Сегодня мы знаем об окружающем нас мире достаточно много, но далеко не всё. Об этом вам с интересом расскажет любой генетик, астрофизик, микробиолог или химик. Возможно сейчас открытие, которое бы изменило наши представления о мире, перевернув всё, что мы знаем с ног на голову, сделать нелегко. Возможно, это практически невозможно. Но что если бы вам однажды сказали, что то, что вы знаете, — ложь. Что один из продуктов современной химии, который мы используем везде и во всём многие годы, убивает нас, а исследования, ученые статьи и всё, что мы наоткрывали, напридумывали, понаписали в книгах — всё это полный бред, а каждый второй предмет в вашей квартире отравлен. И так во всём мире — от главы государства до последнего бедняка с его скудным скарбом. Именно это однажды и произошло, и сегодня мы ненадолго погрузимся в историю токсикологии и удивительное открытие доктора Генри Летеби, в которое никто из его современников не поверил.

Изумрудно-зелёный

Зелёный насыщенный цвет на самом деле не был таким уж прямо новым и необычным. С глубокой античности мы использовали истертый малахит или пигмент «зеленая земля» из разных соединений кремния.
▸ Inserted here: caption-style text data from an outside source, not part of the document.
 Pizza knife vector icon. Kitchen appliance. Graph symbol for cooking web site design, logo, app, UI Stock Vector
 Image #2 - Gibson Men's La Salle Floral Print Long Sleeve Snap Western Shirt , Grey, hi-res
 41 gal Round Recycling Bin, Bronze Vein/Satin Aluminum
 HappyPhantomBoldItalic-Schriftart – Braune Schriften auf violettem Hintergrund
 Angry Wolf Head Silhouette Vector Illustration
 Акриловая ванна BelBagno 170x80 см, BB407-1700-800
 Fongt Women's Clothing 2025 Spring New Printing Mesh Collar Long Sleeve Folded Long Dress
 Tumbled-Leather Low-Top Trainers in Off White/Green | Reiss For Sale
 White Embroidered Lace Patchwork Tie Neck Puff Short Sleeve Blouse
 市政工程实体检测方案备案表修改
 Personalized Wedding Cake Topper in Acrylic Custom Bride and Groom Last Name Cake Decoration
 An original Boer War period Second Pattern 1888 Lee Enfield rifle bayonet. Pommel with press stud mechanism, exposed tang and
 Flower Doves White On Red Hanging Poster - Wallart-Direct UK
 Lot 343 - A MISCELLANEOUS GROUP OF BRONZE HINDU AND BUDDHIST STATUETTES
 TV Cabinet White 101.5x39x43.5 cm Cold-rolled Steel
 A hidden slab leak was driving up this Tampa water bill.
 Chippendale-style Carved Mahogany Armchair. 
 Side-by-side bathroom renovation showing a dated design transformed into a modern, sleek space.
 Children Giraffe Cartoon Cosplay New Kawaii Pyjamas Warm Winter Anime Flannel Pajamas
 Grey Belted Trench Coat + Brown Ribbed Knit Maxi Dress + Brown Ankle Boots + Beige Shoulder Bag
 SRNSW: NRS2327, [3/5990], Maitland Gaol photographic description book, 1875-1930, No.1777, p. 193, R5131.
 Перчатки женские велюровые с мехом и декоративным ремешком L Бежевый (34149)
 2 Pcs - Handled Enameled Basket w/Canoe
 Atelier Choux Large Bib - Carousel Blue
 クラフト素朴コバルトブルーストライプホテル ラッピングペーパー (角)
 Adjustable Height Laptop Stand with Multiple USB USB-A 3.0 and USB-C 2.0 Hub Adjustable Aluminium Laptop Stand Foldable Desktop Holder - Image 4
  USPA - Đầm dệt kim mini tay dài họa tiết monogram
Цвета были бледноваты, и на полотнах до конца 18 столетия увидеть яркую сочную зелень у вас не выйдет. Всё изменилось, когда смогли добыть настоящий изумрудно-зеленый цвет. Он был получен в 1775 году из красителя «Зелень Шееле». Краситель назван в честь шведского ученого — Карла Вильгельма Шееля, того самого, который открыл молочную кислоту и хлор, и о которых я писал в статье про молоко. К несчастью, в те годы, описывая открытые вещества, нужно было указывать в том числе и вкус. К 1786 году исследования тяжёлых металлов и различных их соединений стали комбинироваться у Карла в симптомы. У него появились поражения кожи — потемнения эпителия дополнились утолщениями и язвами, появилась страшная комбинация диареи и сонливости. Вскоре талантливый химик умер. Предположительно, причиной смерти стало поражение почек.

Слева: фреска в церкви св.Франциско в Монтефалько, Италия, авторства Пьетро Ваннучи. Справа: автопортрет Пьетро. Начало 16 в., зеленые пигменты: малахит и кремний.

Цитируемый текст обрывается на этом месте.